* Activity *
Make an exact copy of all the records, one that contains none of the pictures.

**** Extracted information

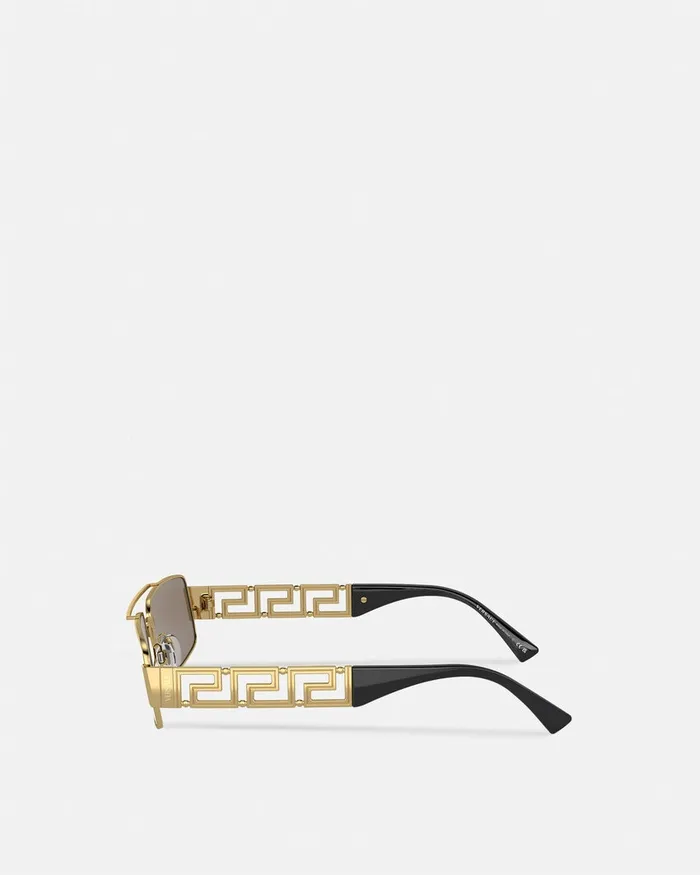 Versace Sunglasses Men Greca Sunglasses Blackgold
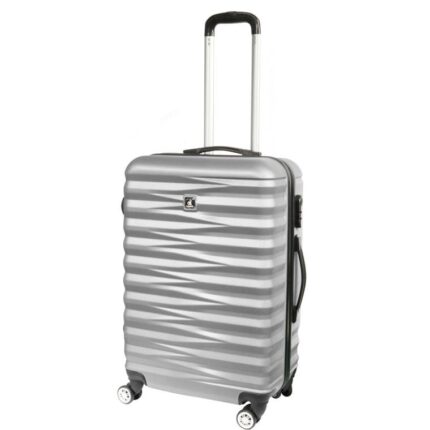 Walizka podróżna średnia Matrix 950 ABS Plus Srebrna z blokadą szyfrową i 4 obrotowymi kółkami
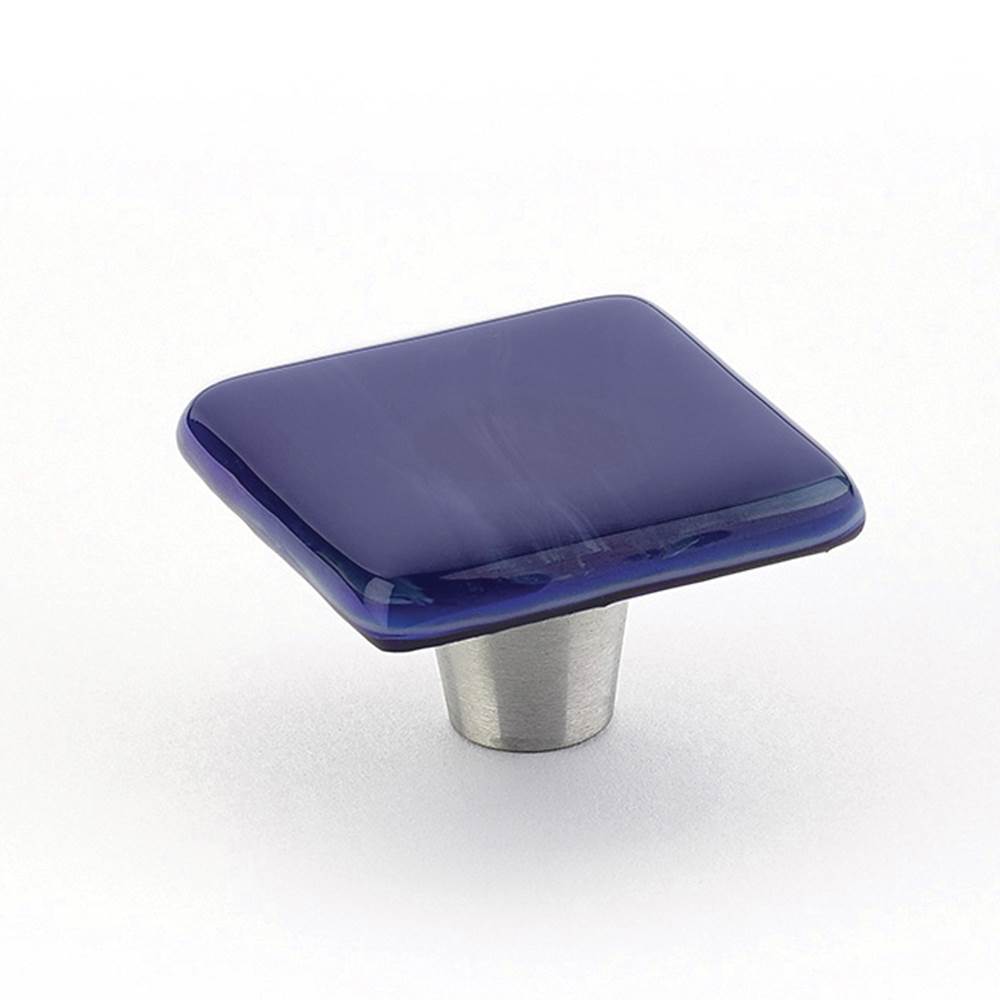 Schaub And Company - Knob, Square, Sapphire Silk, 1-1/2'' dia - Sapphire Silk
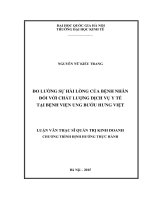 Đo lường sự hài lòng của bệnh nhân đối với chất lượng dịch vụ y tế tại bệnh viện ung bướu hưng việ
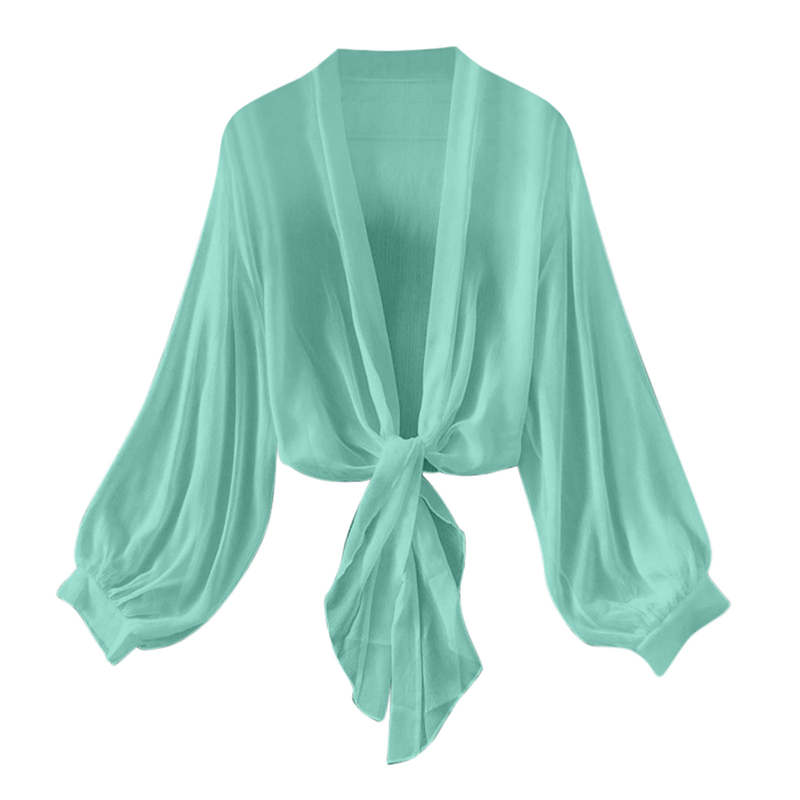 🧥 LIMITED-TIME 50% OFF! 💥 Women's Lightweight Chiffon Tie-Front Cardigan – Balloon Sleeves, Sheer, Layering ✨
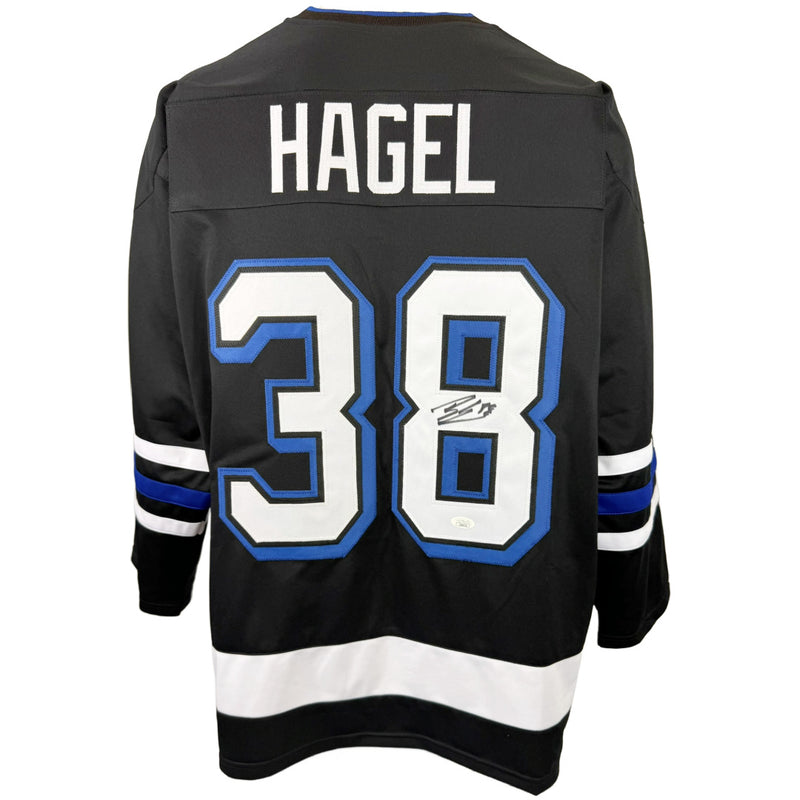 BRANDON HAGEL AUTOGRAPHED SIGNED CUSTOM BLACK PRO STYLE JERSEY JSA COA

********

* Solution to the exercise *
 Versace Sunglasses Men Greca Sunglasses Blackgold
 Walizka podróżna średnia Matrix 950 ABS Plus Srebrna z blokadą szyfrową i 4 obrotowymi kółkami
 Schaub And Company - Knob, Square, Sapphire Silk, 1-1/2'' dia - Sapphire Silk
 Đo lường sự hài lòng của bệnh nhân đối với chất lượng dịch vụ y tế tại bệnh viện ung bướu hưng việ
 🧥 LIMITED-TIME 50% OFF! 💥 Women's Lightweight Chiffon Tie-Front Cardigan – Balloon Sleeves, Sheer, Layering ✨
 BRANDON HAGEL AUTOGRAPHED SIGNED CUSTOM BLACK PRO STYLE JERSEY JSA COA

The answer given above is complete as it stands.